You may have noticed that over the past year my blog has lost alot of what made it "bikramyogachick's blog". I used to write daily and passionately. I shared my thoughts and feelings with you on my journey. Did I share too much? Sometimes I did, as this is a public space. For a long time I was anonymous, but then I started to connect with other bloggers in the bikram community and some of us started to break our anonymity. This past year I have been unable to write in the same manner. It came to my attention, via all of those wonderful blog statistics tools that somebody was reading who shouldn't have been. So I started to filter myself and post less frequently, and post less "me". I really thought that he would finally stop checking and fade off into the distance. Then I would have my space back, my bikramyogachick blog that is mine, and that I love. I love it because I love my readers. I love the comments, the support and most of all the friends I have met in person.....some as far away as Malaysia! What a fantastic thing that I was able to host a teacher trainee from Malaysia for a few days before and after training, all due to this wonderful little space I have claimed as my own!

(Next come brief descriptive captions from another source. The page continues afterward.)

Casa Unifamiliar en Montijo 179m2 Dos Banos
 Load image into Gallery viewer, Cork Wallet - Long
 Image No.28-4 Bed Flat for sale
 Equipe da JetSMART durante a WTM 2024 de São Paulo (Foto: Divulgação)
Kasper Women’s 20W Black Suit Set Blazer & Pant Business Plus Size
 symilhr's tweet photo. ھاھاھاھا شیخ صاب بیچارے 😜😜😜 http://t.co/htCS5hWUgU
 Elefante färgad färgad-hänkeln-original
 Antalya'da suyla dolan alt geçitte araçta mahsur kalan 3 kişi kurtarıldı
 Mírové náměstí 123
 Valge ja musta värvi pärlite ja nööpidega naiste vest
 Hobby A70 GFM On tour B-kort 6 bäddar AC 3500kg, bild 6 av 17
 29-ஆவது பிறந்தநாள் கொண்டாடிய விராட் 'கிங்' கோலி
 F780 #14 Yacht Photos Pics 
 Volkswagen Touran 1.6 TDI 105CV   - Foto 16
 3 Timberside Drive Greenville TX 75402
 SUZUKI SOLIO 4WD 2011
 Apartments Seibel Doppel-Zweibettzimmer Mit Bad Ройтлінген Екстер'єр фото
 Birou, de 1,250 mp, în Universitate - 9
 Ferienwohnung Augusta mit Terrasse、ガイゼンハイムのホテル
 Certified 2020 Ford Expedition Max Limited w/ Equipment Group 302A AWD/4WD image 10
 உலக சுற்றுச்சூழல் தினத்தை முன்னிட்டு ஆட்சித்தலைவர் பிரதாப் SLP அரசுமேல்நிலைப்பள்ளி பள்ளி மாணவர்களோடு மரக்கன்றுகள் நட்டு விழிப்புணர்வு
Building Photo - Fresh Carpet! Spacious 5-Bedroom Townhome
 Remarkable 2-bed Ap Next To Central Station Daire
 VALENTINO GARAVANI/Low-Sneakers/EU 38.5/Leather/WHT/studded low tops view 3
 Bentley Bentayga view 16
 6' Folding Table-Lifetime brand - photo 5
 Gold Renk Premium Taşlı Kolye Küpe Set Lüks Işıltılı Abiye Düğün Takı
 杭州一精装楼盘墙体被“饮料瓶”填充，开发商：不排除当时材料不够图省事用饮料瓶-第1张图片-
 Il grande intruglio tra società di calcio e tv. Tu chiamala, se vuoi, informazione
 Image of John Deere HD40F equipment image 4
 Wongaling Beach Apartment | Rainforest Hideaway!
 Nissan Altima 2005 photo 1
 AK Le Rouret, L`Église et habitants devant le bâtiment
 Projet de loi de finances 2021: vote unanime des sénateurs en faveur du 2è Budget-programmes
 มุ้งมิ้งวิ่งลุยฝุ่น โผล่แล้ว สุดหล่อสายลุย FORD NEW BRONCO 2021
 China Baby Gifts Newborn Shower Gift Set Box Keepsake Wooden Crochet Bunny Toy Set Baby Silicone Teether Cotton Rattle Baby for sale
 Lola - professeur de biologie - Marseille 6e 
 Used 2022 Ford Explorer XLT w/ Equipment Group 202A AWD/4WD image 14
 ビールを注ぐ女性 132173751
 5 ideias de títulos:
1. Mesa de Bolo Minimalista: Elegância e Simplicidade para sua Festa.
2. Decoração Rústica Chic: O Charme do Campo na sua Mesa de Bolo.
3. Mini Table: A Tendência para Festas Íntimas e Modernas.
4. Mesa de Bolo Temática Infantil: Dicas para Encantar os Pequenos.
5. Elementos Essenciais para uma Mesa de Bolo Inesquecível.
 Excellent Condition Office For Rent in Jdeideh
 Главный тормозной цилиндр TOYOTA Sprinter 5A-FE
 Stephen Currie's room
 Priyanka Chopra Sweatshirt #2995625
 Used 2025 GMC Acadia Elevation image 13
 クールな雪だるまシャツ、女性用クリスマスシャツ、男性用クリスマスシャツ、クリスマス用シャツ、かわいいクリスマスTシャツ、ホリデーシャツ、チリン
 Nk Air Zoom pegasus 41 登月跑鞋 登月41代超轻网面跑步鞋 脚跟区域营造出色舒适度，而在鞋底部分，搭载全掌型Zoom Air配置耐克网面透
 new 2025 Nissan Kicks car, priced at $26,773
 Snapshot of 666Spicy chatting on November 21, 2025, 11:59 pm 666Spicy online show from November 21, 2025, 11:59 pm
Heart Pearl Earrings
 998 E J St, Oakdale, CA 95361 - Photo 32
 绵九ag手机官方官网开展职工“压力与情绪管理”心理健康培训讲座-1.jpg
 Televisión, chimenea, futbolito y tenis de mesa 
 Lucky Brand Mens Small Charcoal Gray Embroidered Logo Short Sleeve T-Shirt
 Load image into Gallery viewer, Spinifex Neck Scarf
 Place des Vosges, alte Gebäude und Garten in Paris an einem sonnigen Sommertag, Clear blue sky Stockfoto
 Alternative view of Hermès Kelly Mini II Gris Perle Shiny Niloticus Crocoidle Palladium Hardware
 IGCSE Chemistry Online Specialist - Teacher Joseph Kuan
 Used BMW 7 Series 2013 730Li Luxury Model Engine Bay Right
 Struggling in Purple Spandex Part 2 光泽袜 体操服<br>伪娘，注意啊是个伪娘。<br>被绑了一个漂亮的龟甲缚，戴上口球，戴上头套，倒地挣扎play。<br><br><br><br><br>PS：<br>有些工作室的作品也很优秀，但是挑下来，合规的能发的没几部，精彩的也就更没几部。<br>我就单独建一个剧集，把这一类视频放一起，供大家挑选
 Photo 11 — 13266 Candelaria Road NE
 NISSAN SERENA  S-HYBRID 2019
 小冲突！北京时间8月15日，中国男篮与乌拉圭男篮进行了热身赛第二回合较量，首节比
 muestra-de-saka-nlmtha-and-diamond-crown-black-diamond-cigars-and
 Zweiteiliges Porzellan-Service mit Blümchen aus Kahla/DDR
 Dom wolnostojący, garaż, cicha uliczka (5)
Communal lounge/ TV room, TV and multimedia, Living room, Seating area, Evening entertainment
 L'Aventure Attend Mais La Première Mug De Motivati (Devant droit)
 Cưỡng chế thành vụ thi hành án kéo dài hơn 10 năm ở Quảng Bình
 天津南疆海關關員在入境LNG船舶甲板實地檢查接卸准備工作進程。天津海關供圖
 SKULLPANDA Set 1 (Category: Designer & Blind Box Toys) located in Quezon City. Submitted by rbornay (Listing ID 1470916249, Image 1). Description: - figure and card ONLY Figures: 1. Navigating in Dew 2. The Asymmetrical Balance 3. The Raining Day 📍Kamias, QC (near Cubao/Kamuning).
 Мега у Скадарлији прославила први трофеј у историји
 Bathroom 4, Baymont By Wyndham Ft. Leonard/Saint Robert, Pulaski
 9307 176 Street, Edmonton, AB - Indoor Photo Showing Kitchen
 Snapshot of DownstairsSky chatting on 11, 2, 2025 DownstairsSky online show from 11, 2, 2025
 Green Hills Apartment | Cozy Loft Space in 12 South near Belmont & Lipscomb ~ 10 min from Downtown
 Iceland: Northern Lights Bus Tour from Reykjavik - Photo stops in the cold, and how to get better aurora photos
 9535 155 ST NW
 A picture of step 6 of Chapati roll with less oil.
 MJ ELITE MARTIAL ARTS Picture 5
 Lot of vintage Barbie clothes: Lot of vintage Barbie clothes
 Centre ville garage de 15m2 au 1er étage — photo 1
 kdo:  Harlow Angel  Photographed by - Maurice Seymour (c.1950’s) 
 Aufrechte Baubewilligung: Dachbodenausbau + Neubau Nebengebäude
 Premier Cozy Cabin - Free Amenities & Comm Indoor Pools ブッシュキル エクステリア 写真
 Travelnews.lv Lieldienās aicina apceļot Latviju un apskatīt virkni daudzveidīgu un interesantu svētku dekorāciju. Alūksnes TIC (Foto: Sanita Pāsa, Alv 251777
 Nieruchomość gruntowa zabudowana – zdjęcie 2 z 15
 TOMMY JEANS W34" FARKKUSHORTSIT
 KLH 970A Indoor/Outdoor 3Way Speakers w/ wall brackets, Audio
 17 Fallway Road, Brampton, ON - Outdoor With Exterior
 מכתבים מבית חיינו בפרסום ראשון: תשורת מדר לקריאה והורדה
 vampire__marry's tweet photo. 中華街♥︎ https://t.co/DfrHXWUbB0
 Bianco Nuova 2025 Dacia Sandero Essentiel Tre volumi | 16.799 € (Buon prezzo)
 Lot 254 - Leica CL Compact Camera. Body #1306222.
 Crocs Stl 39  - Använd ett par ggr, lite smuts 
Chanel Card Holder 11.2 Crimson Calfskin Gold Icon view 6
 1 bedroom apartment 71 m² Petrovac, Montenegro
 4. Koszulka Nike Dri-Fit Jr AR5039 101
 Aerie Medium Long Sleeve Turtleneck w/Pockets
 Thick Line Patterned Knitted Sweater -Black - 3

I have decided that I can't blog here anymore, for a long time. I'm not going to delete it, but I also can't continue to half heartedly post, filtering because he's reading. I'd rather go dark and silent, no explanation, but then that's not fair to the people who have been following my journey. I wouldn't want any of you to worry about me! So I will continue my bikram journey in silence for awhile, and really, maybe that's for the best. After all, I do this yoga for me and right now I am drawn to the emotional healing aspect of bikram more than the physical after my tough year. So perhaps it's best for me to do that privately anyway. I feel good about this decision because I need to completely shut the door on this person. He has moved on and is practically engaged, but yet he still reads. I'm tired of wondering why. It doesn't matter why and it's not good for me to wonder why. It makes it hard to completely move on from the hurt that lingers from that very short chapter of my life.
So off I go.....
Thank you so much for all of your wondeful comments. I am always blown away by the quality of people in the bikram community. I will still read your blogs. Sometimes I don't comment, but I always read! You are all very inspiring. If I come back, with a different URL in the future, well, I know how to find all of you and tell you where I am.